Jeff Christiansen, for one, enjoys spending all of his professional effort on the site he has been running for 12 years.
“I enjoyed programming, but I’m happy to be my own boss,” he says of running FFToolbox.com full time since 2007.
Christiansen — a former ColdFusion programmer — launched Fantasy Football Arsenal in summer 1996, as an outlet for the publication of fantasy football cheatsheets he was already compiling.
“I realized I was onto something when I started getting emails from people asking me for help with their teams and to update my rankings,” he said.
What he also soon realized as the site began to get more visitors was that it shared its name with a popular member of probably the world’s best known sports league — England’s Premiership. The arrival of e-mails from Arsenal fans asking where they could find information on their favorite football team led Christiansen to his current online residence at FFToolbox.com.
Fantasy Football Toolbox got in early on the game of fantasy advice and continues to pride itself on the kind of technological advantage one would expect from a site created by a programmer.
“We try to stay on top of the latest technology,” Christiansen says. “For example, we offer several different RSS feeds, we launched our weekly online fantasy football radio show in August, and we have a fan page on Facebook.”
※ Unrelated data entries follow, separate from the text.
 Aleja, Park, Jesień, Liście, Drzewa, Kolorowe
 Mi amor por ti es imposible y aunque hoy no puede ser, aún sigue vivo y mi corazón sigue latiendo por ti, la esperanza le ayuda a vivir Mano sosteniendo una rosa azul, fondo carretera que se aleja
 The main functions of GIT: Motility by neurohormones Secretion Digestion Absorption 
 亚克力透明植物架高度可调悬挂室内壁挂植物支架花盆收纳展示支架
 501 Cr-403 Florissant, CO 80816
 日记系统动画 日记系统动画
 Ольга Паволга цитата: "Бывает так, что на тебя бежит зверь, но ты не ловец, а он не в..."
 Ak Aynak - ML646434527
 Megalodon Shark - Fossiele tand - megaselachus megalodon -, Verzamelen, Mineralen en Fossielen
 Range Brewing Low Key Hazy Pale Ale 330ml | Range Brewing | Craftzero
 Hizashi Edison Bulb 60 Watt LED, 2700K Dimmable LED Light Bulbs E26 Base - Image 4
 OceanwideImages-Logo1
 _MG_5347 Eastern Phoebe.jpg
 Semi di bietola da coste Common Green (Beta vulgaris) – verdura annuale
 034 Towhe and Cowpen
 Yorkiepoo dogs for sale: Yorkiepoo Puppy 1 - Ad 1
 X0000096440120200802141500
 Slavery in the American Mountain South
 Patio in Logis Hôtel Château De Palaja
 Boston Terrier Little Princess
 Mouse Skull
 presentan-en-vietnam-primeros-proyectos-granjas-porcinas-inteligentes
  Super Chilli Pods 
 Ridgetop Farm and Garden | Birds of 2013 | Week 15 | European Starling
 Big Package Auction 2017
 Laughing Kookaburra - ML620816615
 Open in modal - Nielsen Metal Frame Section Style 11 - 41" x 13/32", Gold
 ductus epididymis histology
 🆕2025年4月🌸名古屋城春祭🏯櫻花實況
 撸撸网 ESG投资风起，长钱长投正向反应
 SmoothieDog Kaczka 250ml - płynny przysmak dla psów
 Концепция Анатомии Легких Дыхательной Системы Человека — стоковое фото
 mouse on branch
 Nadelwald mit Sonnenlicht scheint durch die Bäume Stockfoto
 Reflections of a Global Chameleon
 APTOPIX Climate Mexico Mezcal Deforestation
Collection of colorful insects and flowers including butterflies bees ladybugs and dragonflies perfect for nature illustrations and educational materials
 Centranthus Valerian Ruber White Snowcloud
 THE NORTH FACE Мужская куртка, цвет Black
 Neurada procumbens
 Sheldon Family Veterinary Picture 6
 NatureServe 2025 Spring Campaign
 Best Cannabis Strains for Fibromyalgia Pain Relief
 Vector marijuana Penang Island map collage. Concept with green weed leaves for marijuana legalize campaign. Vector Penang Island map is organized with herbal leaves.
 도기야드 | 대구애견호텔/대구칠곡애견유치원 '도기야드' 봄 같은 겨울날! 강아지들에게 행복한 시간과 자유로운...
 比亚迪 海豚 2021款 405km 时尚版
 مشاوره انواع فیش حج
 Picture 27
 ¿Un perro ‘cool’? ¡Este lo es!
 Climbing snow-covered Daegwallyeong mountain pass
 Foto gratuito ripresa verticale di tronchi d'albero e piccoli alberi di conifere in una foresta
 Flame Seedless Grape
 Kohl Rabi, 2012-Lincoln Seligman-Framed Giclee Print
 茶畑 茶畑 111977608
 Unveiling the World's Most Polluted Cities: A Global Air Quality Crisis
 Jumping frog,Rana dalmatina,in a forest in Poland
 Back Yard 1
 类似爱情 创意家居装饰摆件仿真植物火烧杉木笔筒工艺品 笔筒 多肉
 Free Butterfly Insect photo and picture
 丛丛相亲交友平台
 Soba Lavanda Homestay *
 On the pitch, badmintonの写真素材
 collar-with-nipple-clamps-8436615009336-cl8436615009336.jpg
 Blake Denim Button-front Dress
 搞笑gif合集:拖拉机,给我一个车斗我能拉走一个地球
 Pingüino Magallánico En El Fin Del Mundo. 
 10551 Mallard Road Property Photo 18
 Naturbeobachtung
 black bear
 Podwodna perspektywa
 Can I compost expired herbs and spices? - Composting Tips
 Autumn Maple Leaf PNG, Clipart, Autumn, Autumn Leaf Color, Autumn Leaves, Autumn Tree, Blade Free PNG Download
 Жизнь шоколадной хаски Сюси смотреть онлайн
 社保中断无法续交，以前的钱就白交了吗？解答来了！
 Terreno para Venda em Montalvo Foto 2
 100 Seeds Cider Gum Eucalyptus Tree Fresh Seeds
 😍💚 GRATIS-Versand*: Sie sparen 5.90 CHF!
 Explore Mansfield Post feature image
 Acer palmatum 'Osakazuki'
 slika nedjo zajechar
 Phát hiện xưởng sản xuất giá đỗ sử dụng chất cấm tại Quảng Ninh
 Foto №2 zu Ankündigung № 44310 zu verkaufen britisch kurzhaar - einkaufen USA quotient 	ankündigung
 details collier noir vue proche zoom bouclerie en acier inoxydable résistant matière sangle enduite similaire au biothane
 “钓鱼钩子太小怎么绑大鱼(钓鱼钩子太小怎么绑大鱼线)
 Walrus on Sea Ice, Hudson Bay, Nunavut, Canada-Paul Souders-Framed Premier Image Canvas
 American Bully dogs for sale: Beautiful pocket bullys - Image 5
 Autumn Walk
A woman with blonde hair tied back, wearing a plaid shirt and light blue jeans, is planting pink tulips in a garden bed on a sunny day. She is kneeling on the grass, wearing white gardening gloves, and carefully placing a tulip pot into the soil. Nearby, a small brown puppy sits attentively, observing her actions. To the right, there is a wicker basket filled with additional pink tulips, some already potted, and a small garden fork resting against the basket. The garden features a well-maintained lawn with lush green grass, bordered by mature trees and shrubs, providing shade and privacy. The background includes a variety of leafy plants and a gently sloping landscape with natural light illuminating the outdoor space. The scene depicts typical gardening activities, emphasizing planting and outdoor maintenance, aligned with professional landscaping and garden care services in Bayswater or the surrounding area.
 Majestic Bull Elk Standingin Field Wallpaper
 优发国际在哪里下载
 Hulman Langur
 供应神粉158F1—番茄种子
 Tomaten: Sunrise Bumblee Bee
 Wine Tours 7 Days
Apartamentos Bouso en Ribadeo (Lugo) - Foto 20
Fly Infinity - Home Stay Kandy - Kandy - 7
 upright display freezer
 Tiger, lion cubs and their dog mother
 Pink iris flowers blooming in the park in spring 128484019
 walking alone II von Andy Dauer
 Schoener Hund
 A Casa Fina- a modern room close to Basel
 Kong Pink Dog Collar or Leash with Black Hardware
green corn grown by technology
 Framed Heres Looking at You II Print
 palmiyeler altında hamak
Also, as you might expect from the name, the site features a number of draft- and management-related tools. Player rankings go deep enough to even include offensive lines, return men and punters. Myriad tools help users do everything from getting to know the players to preparing their draft work area to even naming their teams.
The team-name generator offers five categories from which it will randomly offer 20 possible names at a time. A few quick clicks offered me winners such as “Preferred Woodchucks,” “Enthusiastic Moose,” “Familiar Cockroaches,” “Rotten Lions” (which is, of course, already taken by a real NFL team), “Useless Dingoes,” “Comprehensive Backhoes,” “Enormous Screwdrivers” (which will quickly be appropriated by that one male friend of yours who doesn’t know why he isn’t married yet) and “Corporate Stallions” (the team of CEOs that no one else in the bowling league likes).
The most worthwhile tool on the site, though, has to be the customizable cheatsheets, which allow users to adjust for their scoring systems, league sizes and roster sizes.
Although the site’s name contains only football, Fantasy Football Toolbox offers content in other areas as well. In addition to the 10 freelance writers covering the primary focus, five writers are devoted to the NFL Draft, five more to baseball and one to NASCAR. Baseball and NBA Draft coverage were just added this year, while the NFL Draft joined the menu in 2006 and NASCAR pulled in back in 2004.
The site turns a profit and supports its freelance staff with the advertising that was added in 2001, Christiansen says, and because he brought with him the programming background, the startup costs were minimal. Fantasy Football Toolbox also offers all of its features for free in an interface that is purposely devoid of unnecessary aesthetic treats.
“We focus on having a clean, fast and easy-to-use interface without a lot of unnecessary images or effects,” Christian says.